Terezín is a military town. It’s laid out in right angles. That’s why you can find your way around there, country boy. Sara is explaining to me why I would be lost here without her. Prague is medieval, so it’s convoluted, it’s twisted and contorted, she says.
We sleep here in this little room, organizing our purchases, holding each other, talking. This is where we stay on our business expeditions.
You know, Terezín actually reminds me a lot of Venice, Sara says, leaning nonchalantly against my shoulder. Stacks of Kafka T-shirts are drying on the floor around us. We got soaked in a downpour, now I’m breathing in the black damp of Prague rain from her hair. You know, St Mark’s and the gondolas? That’s how your government-backed Monument looks in the eyes of the world, but right nearby there are normal people, living behind peeling walls. She shakes her head. Normal, right. All over Western Europe there are mass graves from the Second World War, carefully tended and maintained, whereas in Terezín, amazingly, you’ve got Mr Hamáček selling kohlrabi on a slaughter ground, Mrs Bouchal and Mrs Fridrich swearing at their permanently jammed laundry press on the very same spot where trains used to leave for the extermination camps in the East.
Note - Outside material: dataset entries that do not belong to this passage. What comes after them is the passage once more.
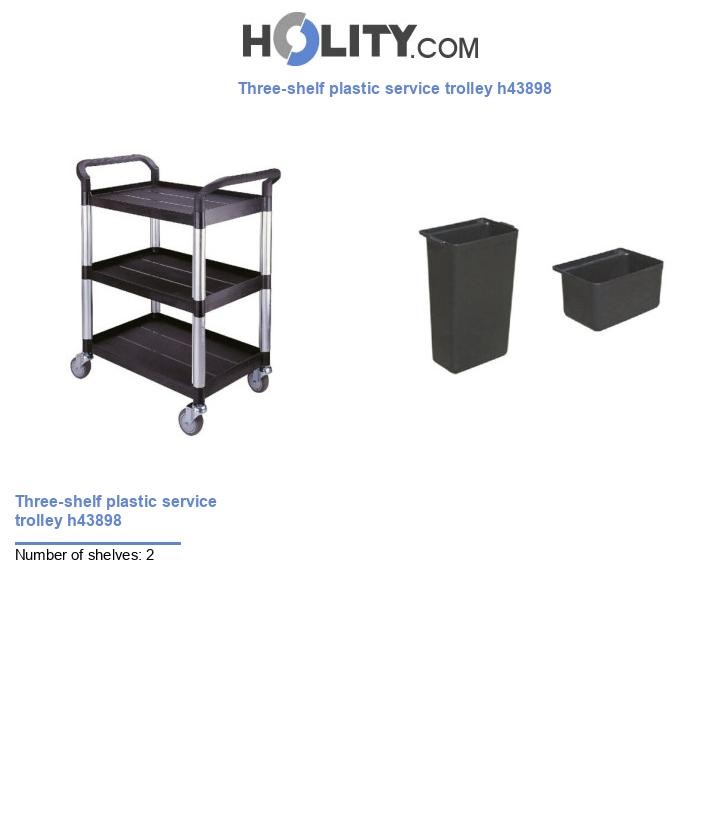 Three-shelf plastic service trolley h43898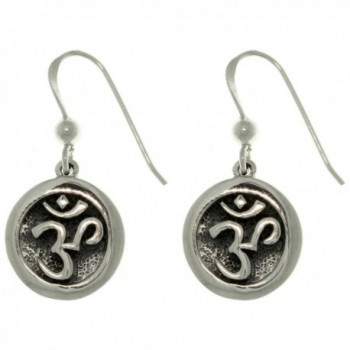 OM or Aum Hindu Yoga Symbol Sterling Silver Round Hook Earrings - C4111MIN279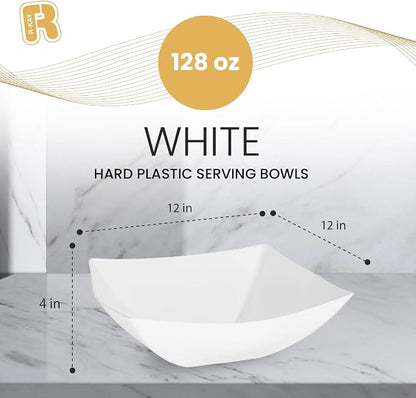R-kay 6 Pack Square Extra Large Plastic White Serving Bowls -128 Oz White - Image 3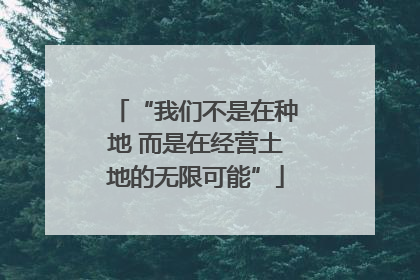 “我们不是在种地 而是在经营土地的无限可能”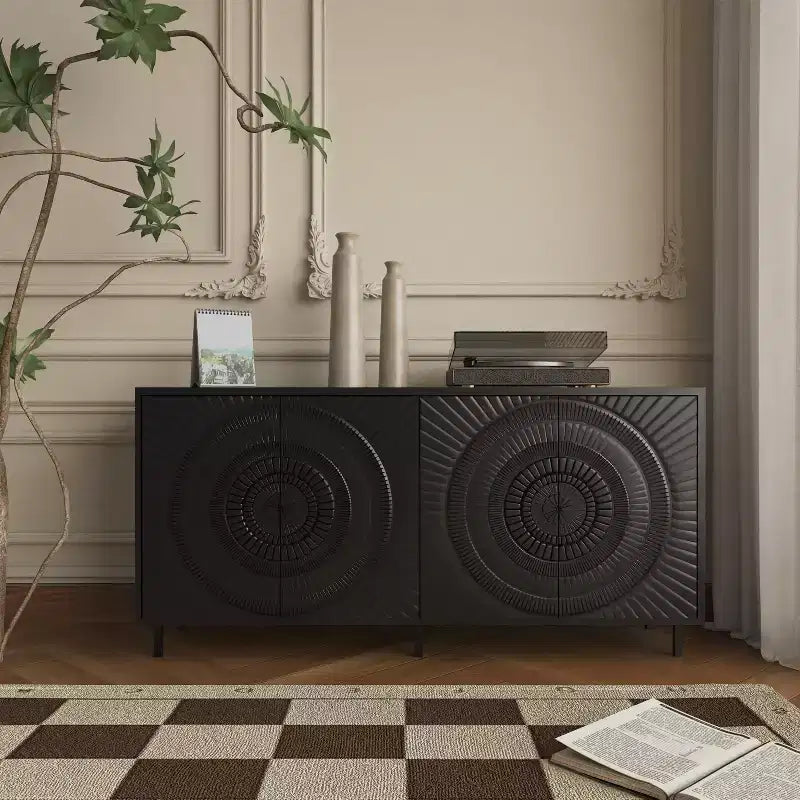 Credenza moderna in legno nero, mobile contenitore da cucina con ripiani regolabili e design dell'anta termoformata, adatta per cucine, nero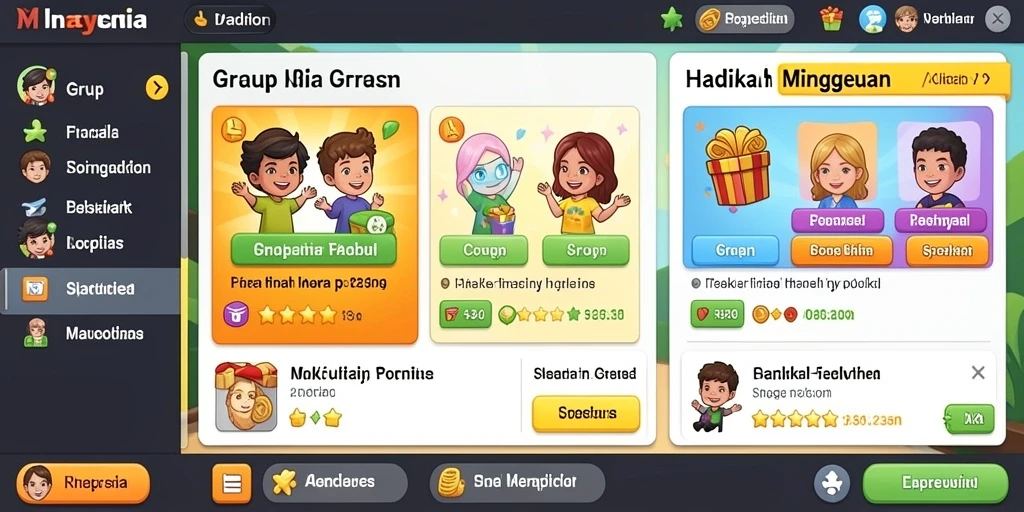 Screenshot menunjukkan karakter utama dalam aksi penuh semangat.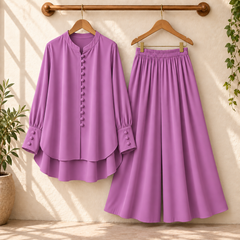 Fawoza Solid Western Shirt & Plazo Style 2-Pcs Stiched Co-Ord Set.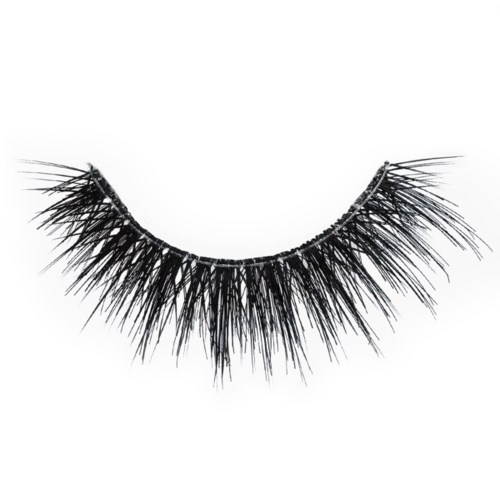 Ein schwarzer Wimpernset mit vielen langen, spitzen Wimpern ist zu sehen.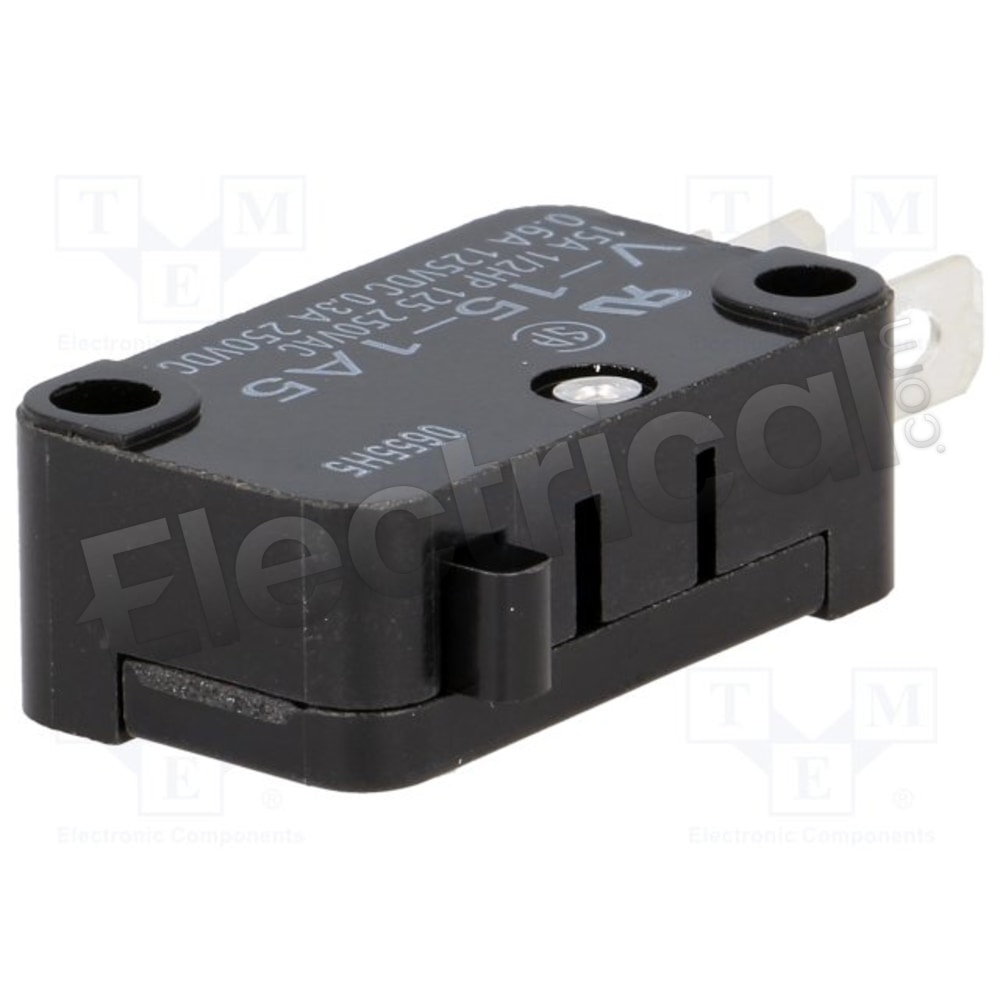 5x Omron V-15-1A5 SPDT Micro Switch – 3-Pin Pin Plunger, 15A 250VAC, ON-MOM, Solder Lug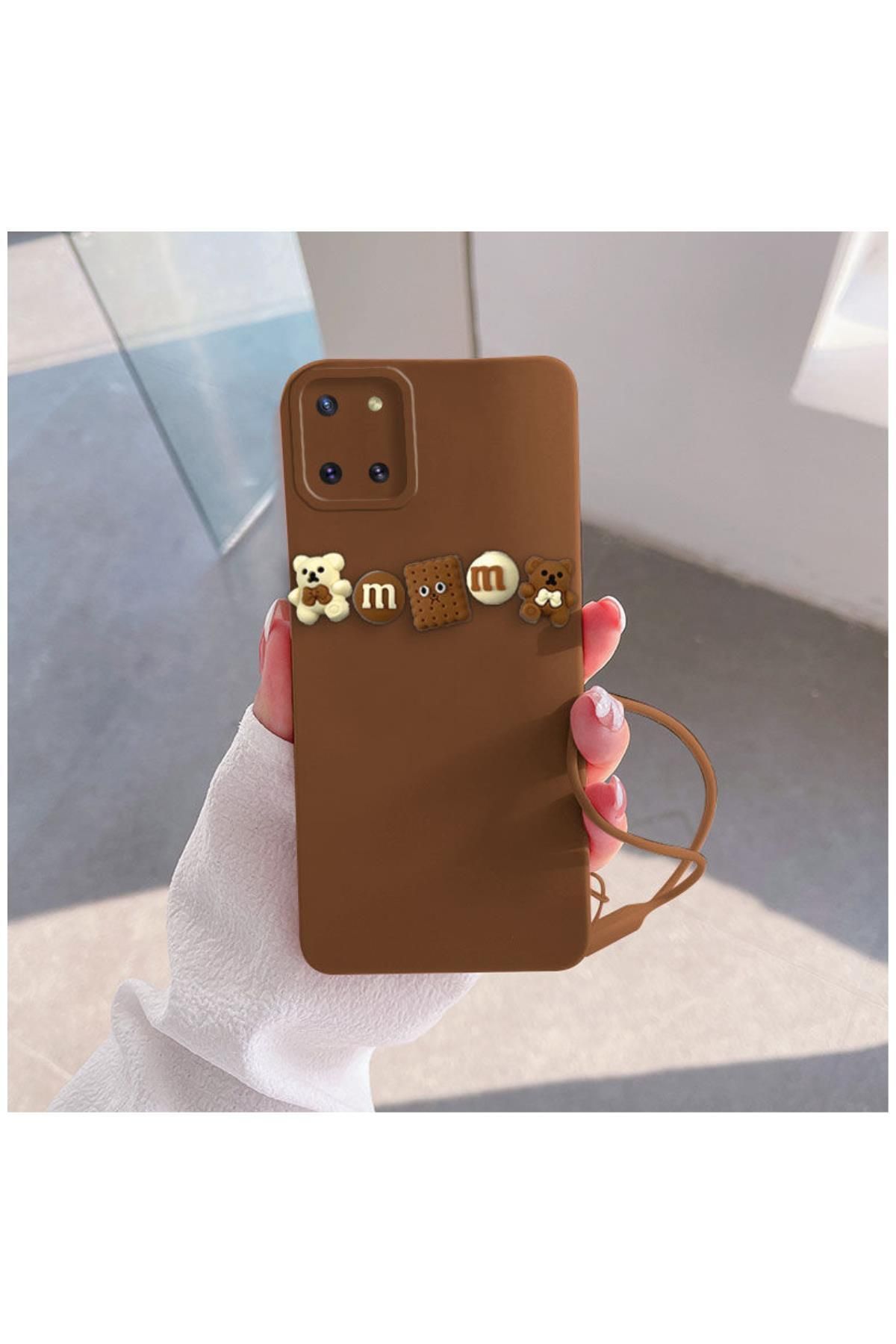 Zebana Samsung Galaxy Note 10 Lite Uyumlu Kılıf Love Bear Silikon Kılıf Kahverengi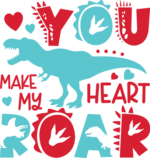 You make my heart roar, dinosaur, valentines day gift - free svg file for members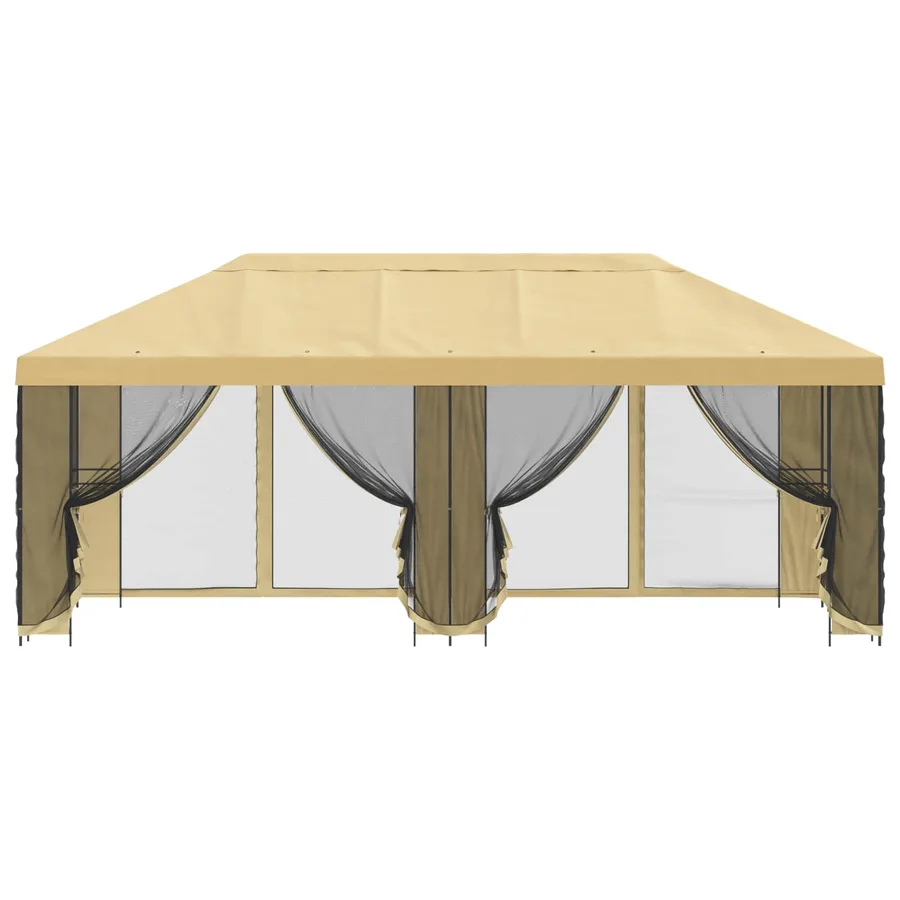 Gazebo avec murs latéraux 6 x 3 m Crème Polyester et Acier 190 - 3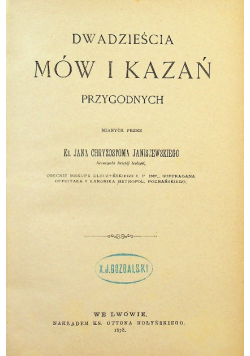 Dwadzieścia mów i kazań przygodnych 1878 r.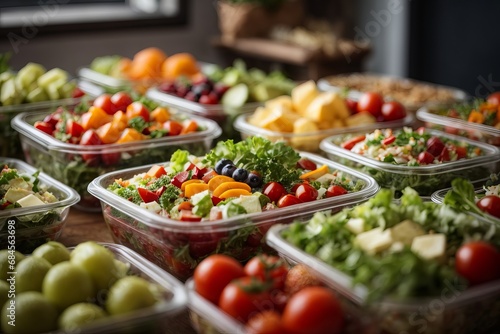 Close-up of healthy vegetarian food in containers. A lot of vegetables, fruits, herbs, dishes on the table. Delivering a balanced nutrition concept. photo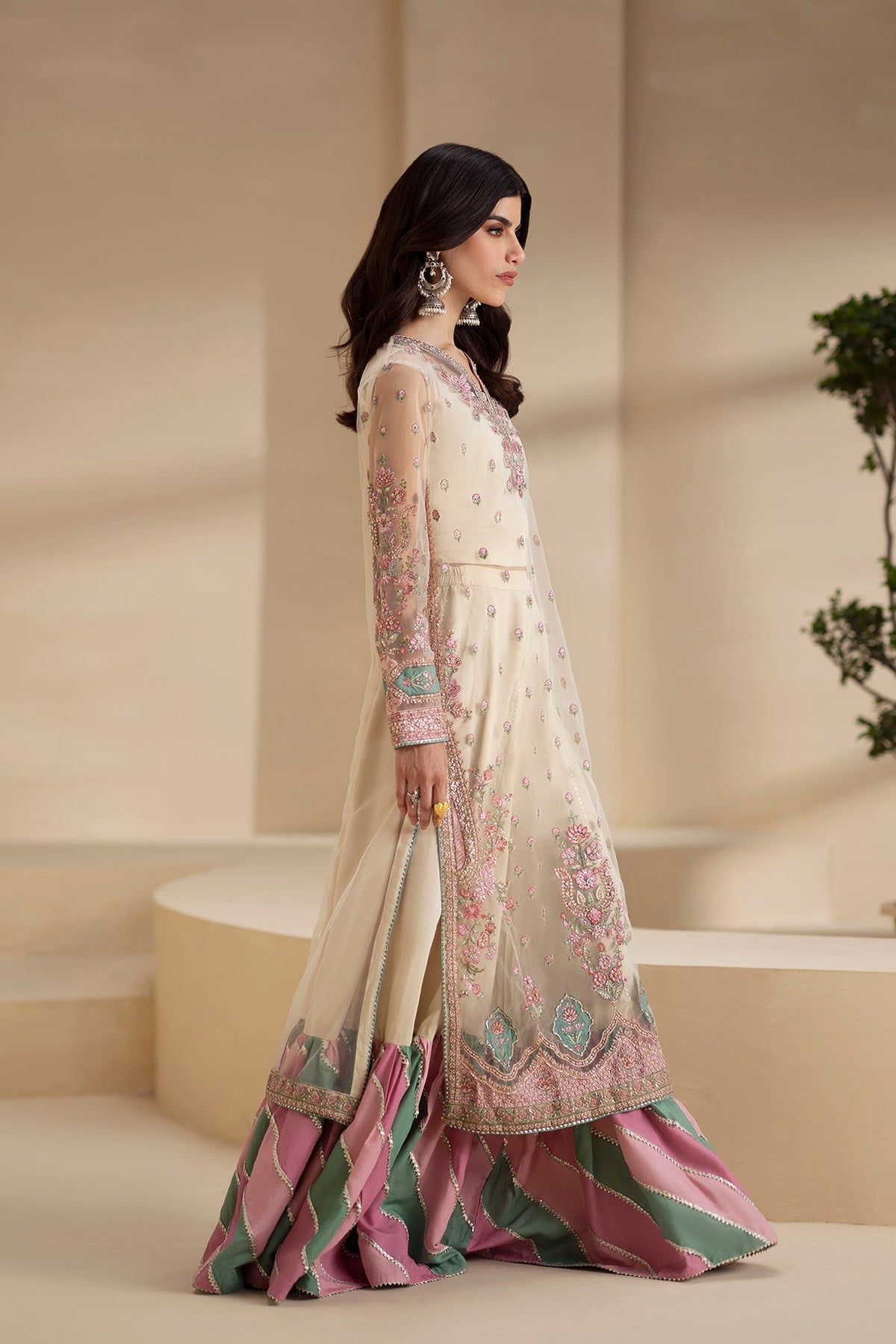 Ethnc – Coconut Milk Embroidered Gharara Style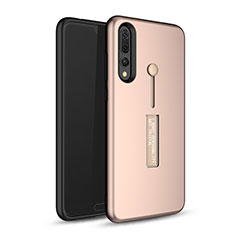 Silikon Hülle Handyhülle und Kunststoff Schutzhülle Tasche mit Ständer P01 für Huawei P20 Pro Rosegold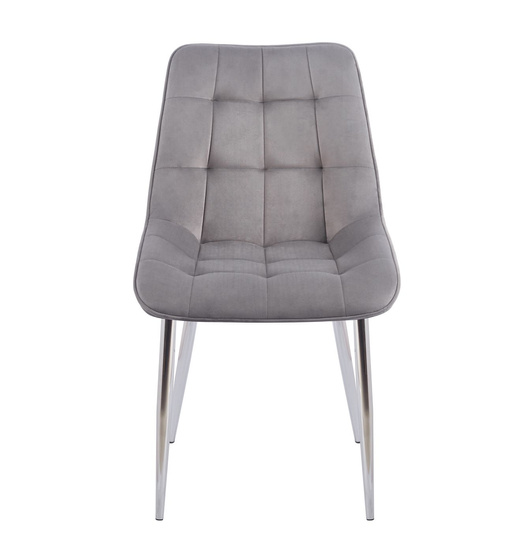 Welurowe Krzesło do jadalni IVO szare ze srebrnymi nogami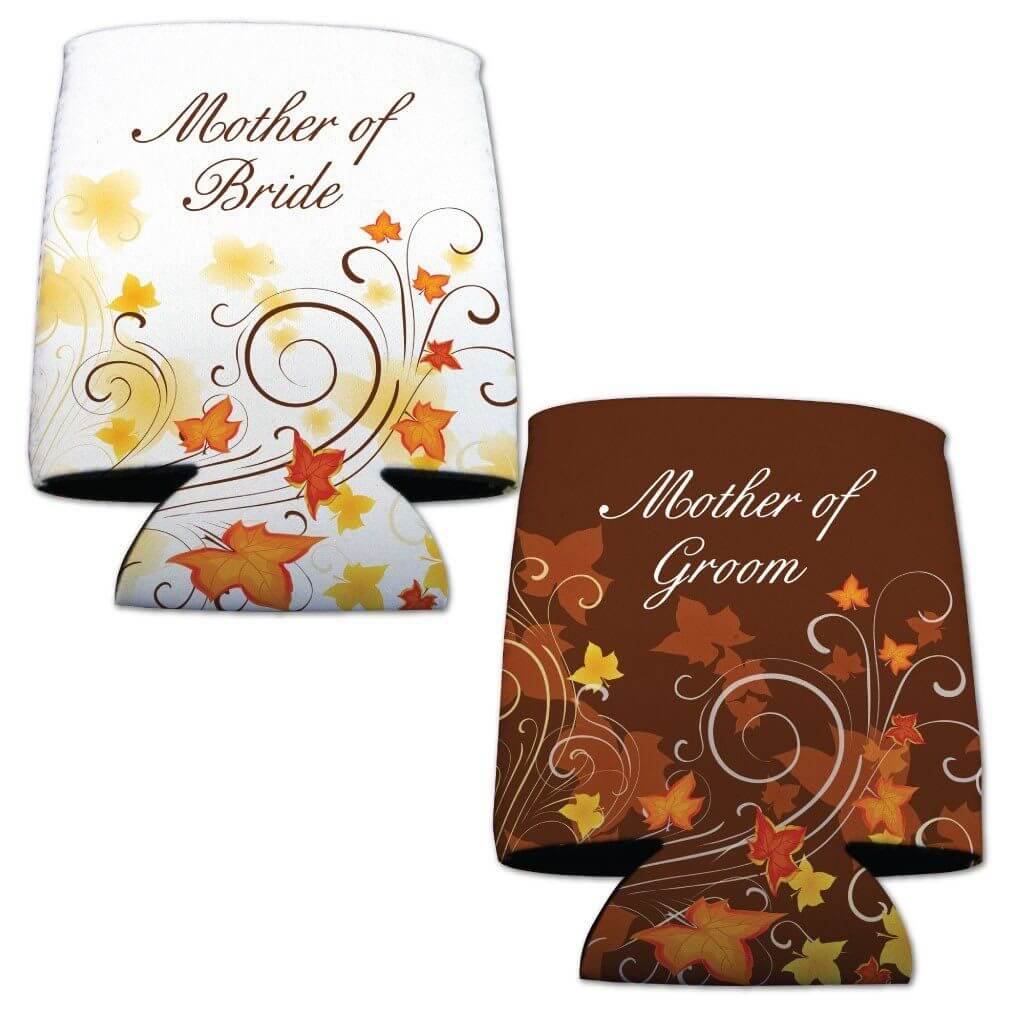 Fall Wedding Wedding Party Drink Can Coolers Set of 10 FREE SHIPPING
When you were kids, you played in morgues and felt each other up in bunkers! It’s a nightmare, you’re all perverted and you don’t even know it. In the West they wouldn’t allow kids to go in places like that. It isn’t allowed here either! I say. But you don’t give a damn in this country, she objects. Yeah, well, why should I care whether it’s allowed or not, just as long as I don’t get caught, I say. Sara shakes her head, we talk, a little later we go to sleep.
The next day the commandos from the Patriot Guard made a raid on the street where we were staying. We were coming back to our hotel, weighed down with bags, when we saw a crew of Roma kids dodging through the streets. The dark-skinned teenagers scattered down passageways, the lumbering Guards in their vests with knives and batons in hot pursuit. A few people leaned out of their windows, applauding the pursuers and pointing out which way their quarry had fled. Sara stood open-mouthed, her package of Kafkas dropped to the ground.